- Cold Ashby Location within Northamptonshire
- Population: 278 (2011)
- OS grid reference: SP6576
- Unitary authority: West Northamptonshire;
- Ceremonial county: Northamptonshire;
- Region: East Midlands;
- Country: England
- Sovereign state: United Kingdom
- Post town: Northampton
- Postcode district: NN6
- Dialling code: 01604
- Police: Northamptonshire
- Fire: Northamptonshire
- Ambulance: East Midlands
- UK Parliament: Kettering;

= Cold Ashby =

Village in Northamptonshire, England

Cold Ashby is a village and civil parish in West Northamptonshire in England. At the time of the 2001 census, the parish's population was 255 people, increasing to 278 at the 2011 census.

The villages name means 'Ash-tree farm/settlement' or 'Aski's farm/settlement'. 'Cold' from its exposed situation.

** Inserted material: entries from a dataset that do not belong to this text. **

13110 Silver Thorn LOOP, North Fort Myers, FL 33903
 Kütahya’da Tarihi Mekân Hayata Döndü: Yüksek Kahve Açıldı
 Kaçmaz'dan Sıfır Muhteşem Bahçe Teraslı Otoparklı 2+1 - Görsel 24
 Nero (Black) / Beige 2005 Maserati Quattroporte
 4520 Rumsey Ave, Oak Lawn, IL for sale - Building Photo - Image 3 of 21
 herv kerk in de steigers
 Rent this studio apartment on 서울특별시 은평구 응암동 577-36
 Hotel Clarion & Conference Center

Cold Ashby is surrounded by rolling farmland, and has a notable golf club. Its population is mainly commuters and their families, although farming is important to the local economy. The village has its own bowls and cricket clubs, and is within the catchment area of the Guilsborough schools. Lying on the 200 m contour line Cold Ashby is said to be the highest village in Northamptonshire.
The British Ordnance Survey's first trig point, the triangular post used by surveyors, was erected on 18 April 1936 near Cold Ashby. More than 11,000 of the posts were erected across Britain to enable surveyors to create maps accurate to within metres by measuring angles and using trigonometry to calculate distances between the pillars.